Die landeseigene BIM Berliner Immobilienmanagement hofft jedoch, rund 50 Prozent der in den nächsten Jahren benötigten zusätzlichen Büroarbeitsflächen durch mehr Homeoffice einsparen zu können. BIM-Geschäftsführer Sven Lemiss spricht bei der Jahrespressekonferenz am Mittwoch von einer »Effizienzreserve von 240.000 Quadratmetern«. Rund 2,8 Millionen Quadratmeter Bürofläche werden von Hauptverwaltung und Bezirken derzeit genutzt. Sollte der Personalaufbau so weitergehen wie bisher, wird bis Ende 2024 zusätzlich eine halbe Million Quadratmeter benötigt, sollte die Coronakrise zu einem neuerlichen Sparkurs führen, wäre es rund die Hälfte.

Showroom für die neue aktuelle Bürowelt ist das Gebäude Klosterstraße 71 in Mitte, das über die Ausübung eines vertraglichen Vorkaufsrechts 2018 wieder in Landeshand kam. Der ausgebootete Käufer und vorherige Mieter, das Unternehmen Hypoport, war derart verärgert, dass er seinen Hauptsitz aus Berlin wegverlegt hatte. Nach leichtem Umbau eröffnete der Standort als erster des Projekts Flexible Arbeitsorte. Hier sind unter anderem die für die Bearbeitung des Mietendeckels zuständigen Beschäftigten der Stadtentwicklungsverwaltung und die Corona-Nachverfolger des Bezirksamtes Friedrichshain-Kreuzberg untergekommen.

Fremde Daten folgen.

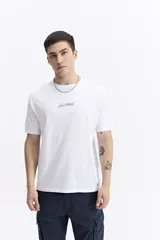 Remera blanca de manga corta con escote redondo y fit regular. Presenta un lettering estampado en el pecho con las palabras "DESTINY Future Movement MISTRAL".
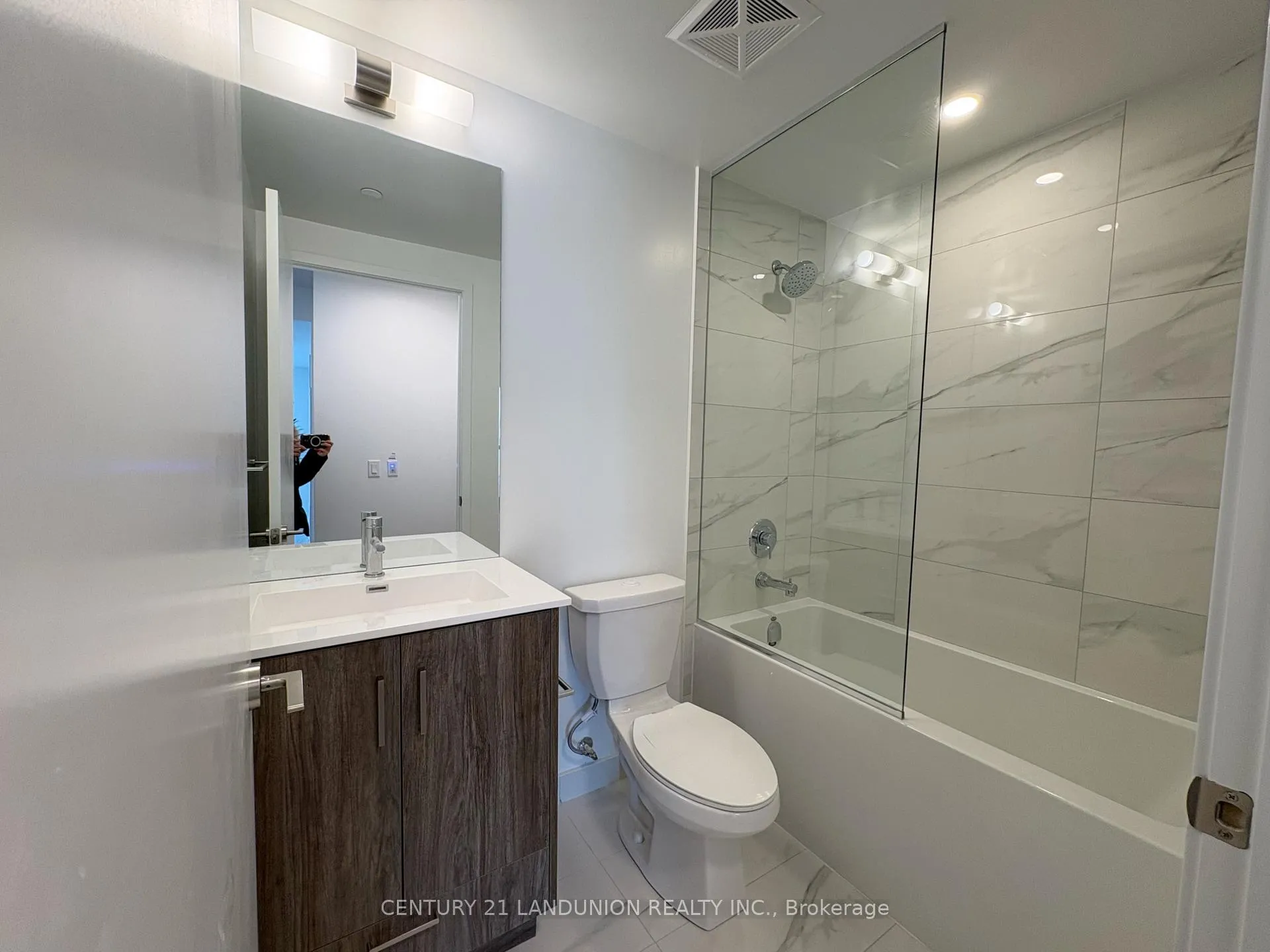 Photo 6 of 3505 180 Front Street E, Toronto, Moss Park — HOMEH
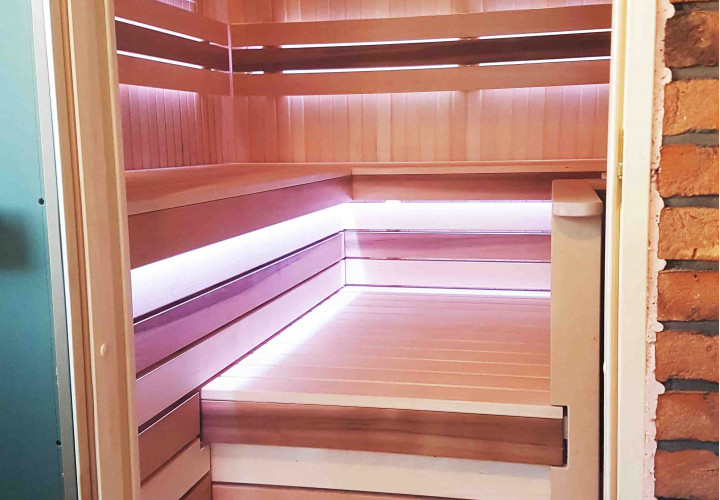 Sauna su malkine krosnele ir išorine pakura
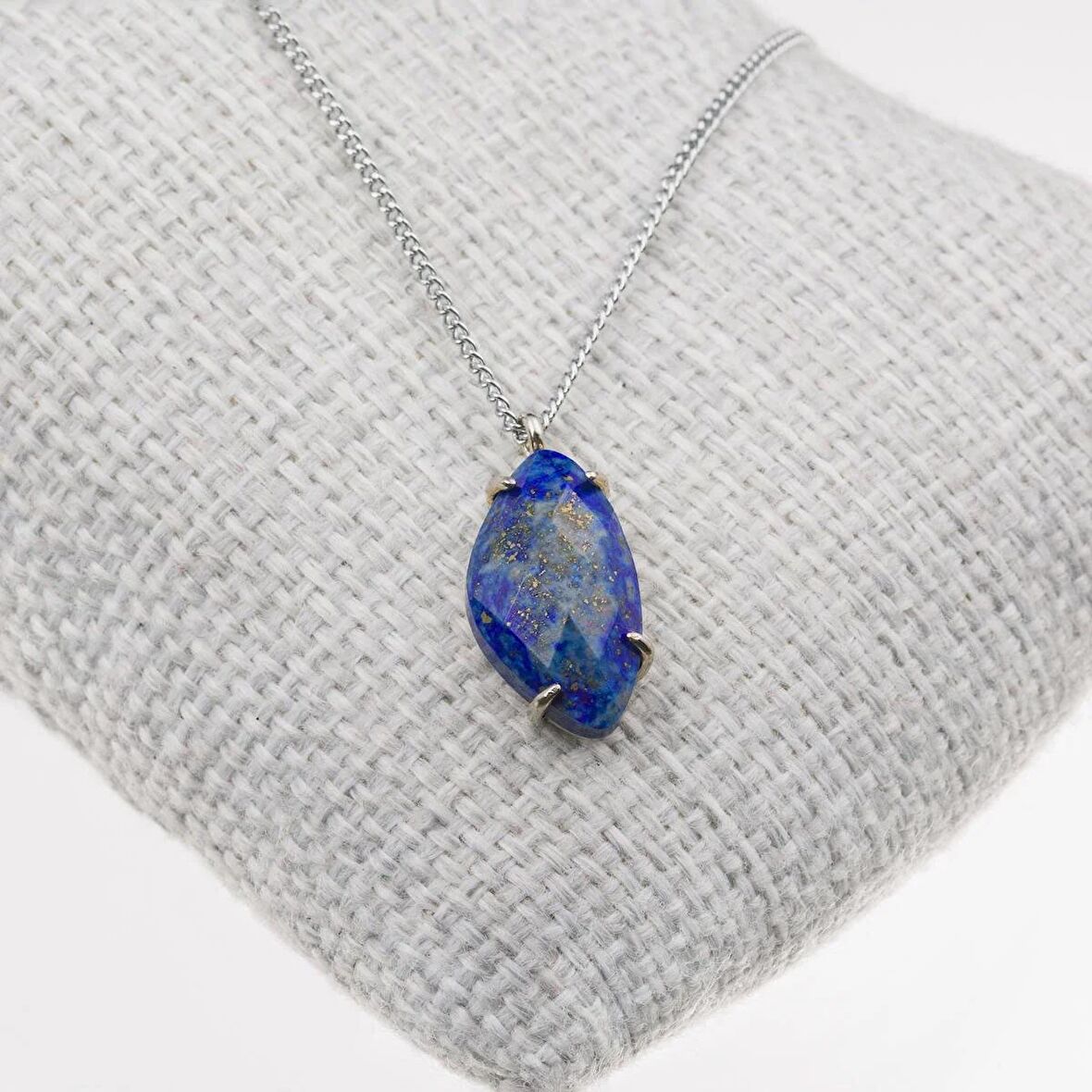Lapis Lazuli Taşı Kolye-Kararmaz Zincirli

»Das sieht gar nicht nach öffentlicher Verwaltung aus - das ist richtig schön geworden«, sagt Finanzstaatssekretärin Vera Junker (SPD). Anders kriege man die Leute auch gar nicht dazu, sich auf Veränderungen einzulassen, erklärt sie. Auch rund 120 der etwa 800 Beschäftigten ihrer Verwaltung sind hier untergebracht. Allerdings sollen die Flächen hauptsächlich für temporären Bedarf genutzt werden. »Die Verwaltung kann hier testen: Was heißt neue Arbeitswelten?«, erläutert BIM-Geschäftsführer Sven Lemiss. Das Konzept an sich bedeute allerdings keine Flächeneinsparung. Doch auch hier zeigen sich die Probleme der lange unterbliebenen Koordinierung. Wegen unterschiedlicher technischer Systeme kann nicht jede Behörde die Räume nutzen. Die Testphase soll bis Ende 2023 laufen. Langfristig plant die BIM ein Netzwerk mehrerer flexibler Arbeitsorte.

»Da wird über die Kür vor der Pflicht gesprochen«, sagt Daniela Ortmann, Vorsitzende des Berliner Hauptpersonalrats dem »nd«. »Bevor die Leute so eine Bürolandschaft bekommen, wollen sie überhaupt ausreichend Flächen, warmes Wasser aus den Leitungen und ein ausreichendes Datennetz in den Gebäuden.« In puncto Digitalisierung und Homeoffice sei der Hauptpersonalrat überhaupt kein Vermeider, und die neuen Konzepte seien durchaus begrüßenswert. »Es soll ruhig weiter getestet werden, aber zunächst geht es ums Grundsätzliche«, so Ortmann weiter. Mancher Personalrat wüsste gar nicht mehr, wie er angesichts der Raumnot noch Neueinstellungen zustimmen könne. Das Teilen von Schreibtischen habe angesichts von Amtsgeheimnissen deutliche Grenzen.

Prinzipiell geeignet für eine zeitgemäße Büroarchitektur wäre auch der Sitz der Stadtentwicklungsverwaltung im Hochhaus am Fehrbelliner Platz gewesen, sagt Lemiss. »Doch die Sanierung an der Württembergischen Straße kam zwei Jahre zu früh«, bedauert er. Für einen dreistelligen Millionenbetrag wird das Haus noch bis 2024 von Grund auf renoviert.